Kinetica UDF Python API
This document describes how to use the Kinetica UDF Python API.
The source code for this project can be found at https://github.com/kineticadb/kinetica-udf-api-python
UDF Reference Documentation
For information about UDFs in Kinetica, please see the User-Defined Functions section of the Kinetica documentation (https://www.kinetica.com/docs/concepts/udf.html).
Installing the Kinetica UDF APIs for Python
Note that the UDF API must be installed on all of the machines in the Kinetica cluster if running UDFs in distributed mode, as each rank will run procs locally.

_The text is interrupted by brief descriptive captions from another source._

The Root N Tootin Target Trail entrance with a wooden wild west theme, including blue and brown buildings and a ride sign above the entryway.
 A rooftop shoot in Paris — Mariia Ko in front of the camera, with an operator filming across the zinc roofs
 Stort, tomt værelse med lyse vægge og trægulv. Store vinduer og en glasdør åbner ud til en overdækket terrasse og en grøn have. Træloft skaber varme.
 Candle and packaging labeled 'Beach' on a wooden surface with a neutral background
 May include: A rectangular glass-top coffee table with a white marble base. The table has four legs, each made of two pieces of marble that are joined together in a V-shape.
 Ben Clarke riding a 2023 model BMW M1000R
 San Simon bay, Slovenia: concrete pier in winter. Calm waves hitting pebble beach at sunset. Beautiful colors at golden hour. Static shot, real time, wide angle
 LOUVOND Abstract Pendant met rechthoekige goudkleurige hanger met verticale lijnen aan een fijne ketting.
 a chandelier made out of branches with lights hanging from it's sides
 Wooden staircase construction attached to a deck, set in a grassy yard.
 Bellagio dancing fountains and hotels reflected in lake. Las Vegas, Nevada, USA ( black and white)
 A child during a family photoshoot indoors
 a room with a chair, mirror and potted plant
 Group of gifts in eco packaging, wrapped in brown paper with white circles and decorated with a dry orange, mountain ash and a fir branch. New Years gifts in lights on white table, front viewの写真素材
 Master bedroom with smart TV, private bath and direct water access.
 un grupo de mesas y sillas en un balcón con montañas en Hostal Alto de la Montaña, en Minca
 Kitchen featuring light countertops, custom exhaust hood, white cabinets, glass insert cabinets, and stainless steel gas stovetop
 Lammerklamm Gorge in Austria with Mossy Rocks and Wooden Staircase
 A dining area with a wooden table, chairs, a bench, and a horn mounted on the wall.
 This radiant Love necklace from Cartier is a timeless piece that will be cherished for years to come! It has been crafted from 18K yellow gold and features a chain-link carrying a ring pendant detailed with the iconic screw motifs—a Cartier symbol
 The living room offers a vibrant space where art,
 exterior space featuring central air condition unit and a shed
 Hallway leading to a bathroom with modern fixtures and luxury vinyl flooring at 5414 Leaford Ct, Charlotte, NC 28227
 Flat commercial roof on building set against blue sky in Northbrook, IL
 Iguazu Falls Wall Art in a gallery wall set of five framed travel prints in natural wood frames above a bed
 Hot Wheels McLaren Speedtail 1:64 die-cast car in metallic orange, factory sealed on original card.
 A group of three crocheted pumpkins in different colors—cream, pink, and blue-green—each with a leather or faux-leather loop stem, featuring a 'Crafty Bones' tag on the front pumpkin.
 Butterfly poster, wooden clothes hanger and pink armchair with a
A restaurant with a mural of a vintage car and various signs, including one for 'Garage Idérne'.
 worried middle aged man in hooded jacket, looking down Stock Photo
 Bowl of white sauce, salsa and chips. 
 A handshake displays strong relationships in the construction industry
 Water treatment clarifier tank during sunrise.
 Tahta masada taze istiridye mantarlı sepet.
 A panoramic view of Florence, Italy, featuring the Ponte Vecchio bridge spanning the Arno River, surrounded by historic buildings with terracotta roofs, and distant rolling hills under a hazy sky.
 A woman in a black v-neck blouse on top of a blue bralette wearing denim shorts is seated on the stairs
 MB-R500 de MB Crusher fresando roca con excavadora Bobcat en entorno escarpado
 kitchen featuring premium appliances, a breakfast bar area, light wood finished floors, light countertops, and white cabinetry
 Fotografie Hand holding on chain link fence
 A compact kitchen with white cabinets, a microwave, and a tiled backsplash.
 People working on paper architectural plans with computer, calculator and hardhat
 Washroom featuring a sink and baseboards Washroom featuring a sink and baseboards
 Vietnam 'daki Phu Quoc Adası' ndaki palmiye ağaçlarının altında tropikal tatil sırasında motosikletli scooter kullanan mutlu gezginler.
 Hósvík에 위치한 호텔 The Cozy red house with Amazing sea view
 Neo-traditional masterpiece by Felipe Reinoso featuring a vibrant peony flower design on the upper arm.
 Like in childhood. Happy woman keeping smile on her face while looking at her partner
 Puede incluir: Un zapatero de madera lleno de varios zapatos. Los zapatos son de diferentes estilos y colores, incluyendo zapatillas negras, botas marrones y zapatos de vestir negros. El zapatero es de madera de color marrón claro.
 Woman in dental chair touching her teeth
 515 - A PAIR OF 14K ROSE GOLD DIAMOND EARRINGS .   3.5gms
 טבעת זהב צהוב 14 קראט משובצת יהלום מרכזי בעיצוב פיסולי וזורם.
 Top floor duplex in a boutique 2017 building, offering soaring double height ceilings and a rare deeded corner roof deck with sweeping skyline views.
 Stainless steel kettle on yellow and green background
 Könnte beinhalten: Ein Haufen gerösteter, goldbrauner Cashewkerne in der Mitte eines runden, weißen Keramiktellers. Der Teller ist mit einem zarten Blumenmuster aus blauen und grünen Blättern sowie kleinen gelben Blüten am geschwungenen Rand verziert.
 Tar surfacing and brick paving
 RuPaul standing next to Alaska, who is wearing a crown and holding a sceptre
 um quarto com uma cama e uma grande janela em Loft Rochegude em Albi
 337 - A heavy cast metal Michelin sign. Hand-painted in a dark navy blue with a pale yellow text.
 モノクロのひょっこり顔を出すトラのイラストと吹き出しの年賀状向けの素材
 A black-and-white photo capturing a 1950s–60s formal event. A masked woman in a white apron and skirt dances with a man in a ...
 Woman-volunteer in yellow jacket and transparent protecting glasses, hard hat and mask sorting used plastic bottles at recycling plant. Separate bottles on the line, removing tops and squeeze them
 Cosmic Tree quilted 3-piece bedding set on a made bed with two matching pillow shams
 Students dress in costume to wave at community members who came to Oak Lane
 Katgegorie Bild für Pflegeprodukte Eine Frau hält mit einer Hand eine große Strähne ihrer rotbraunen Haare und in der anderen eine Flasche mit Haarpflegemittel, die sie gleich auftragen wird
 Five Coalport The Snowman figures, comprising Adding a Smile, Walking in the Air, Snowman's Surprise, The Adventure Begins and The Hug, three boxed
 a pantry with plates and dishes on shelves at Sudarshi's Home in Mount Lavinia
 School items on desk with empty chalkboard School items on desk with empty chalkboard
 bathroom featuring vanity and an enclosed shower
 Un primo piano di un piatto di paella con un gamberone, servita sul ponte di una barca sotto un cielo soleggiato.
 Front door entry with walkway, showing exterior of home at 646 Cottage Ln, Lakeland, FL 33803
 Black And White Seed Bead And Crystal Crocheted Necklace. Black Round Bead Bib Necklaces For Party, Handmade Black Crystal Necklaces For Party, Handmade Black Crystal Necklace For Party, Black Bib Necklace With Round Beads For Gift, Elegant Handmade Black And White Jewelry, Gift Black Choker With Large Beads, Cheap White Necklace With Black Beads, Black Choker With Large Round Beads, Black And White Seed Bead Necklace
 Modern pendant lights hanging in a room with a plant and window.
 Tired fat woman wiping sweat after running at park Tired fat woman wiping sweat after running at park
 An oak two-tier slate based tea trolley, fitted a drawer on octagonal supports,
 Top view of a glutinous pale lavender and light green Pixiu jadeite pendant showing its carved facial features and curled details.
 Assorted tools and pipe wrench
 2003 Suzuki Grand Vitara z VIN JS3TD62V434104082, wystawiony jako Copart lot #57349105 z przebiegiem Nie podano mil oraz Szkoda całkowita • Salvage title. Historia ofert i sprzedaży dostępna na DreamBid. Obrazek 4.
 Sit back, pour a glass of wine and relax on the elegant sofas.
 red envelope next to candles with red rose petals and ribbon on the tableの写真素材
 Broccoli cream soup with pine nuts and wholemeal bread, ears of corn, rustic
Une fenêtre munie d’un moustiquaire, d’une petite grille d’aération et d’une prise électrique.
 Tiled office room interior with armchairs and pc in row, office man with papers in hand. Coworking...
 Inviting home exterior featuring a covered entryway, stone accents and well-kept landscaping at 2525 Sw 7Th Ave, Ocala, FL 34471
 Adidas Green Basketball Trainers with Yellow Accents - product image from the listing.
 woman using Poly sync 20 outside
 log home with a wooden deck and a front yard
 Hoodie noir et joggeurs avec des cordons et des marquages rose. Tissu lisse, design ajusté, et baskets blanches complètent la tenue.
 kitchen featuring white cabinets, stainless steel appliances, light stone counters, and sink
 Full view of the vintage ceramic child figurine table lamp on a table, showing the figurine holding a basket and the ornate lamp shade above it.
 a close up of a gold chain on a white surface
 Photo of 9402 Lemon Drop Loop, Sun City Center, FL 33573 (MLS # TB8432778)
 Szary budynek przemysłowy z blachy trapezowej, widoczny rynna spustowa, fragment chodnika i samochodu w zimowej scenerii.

Installing Python Modules with gpudb_pip.sh
Kinetica provides pip preinstalled in our python environment and also a "gpudb_pip.sh" script which will automate running pip on all machines in the Kinetica cluster. It should be run as the gpudb user on the head node of the cluster and will ensure that any dependent modules are available on all machines. This method is preferred if you have internet connectivity and the module is available on PyPI. The following example demonstrates installing the "simplejson" module:
/opt/gpudb/udf/api/python/gpudb-pip.sh install simplejson
Installing Python Modules Using easy_install
If you cannot use pip (because the package is not available on PyPI, or there is no internet connectivity, then you can use easy_install instead. In this instance, you can place the whell or tgz file into the /opt/gpudb/thirdparty folder on the head node and use the /opt/gpudb/core/bin/gpudb_hosts_rsync_to.sh command to copy just the one file to all hosts. Then use the /opt/gpudb/core/bin/gpudb_hosts_ssh_execute.sh command combined with the /opt/gpudb/core/bin/gpudb_env.sh command to install the module.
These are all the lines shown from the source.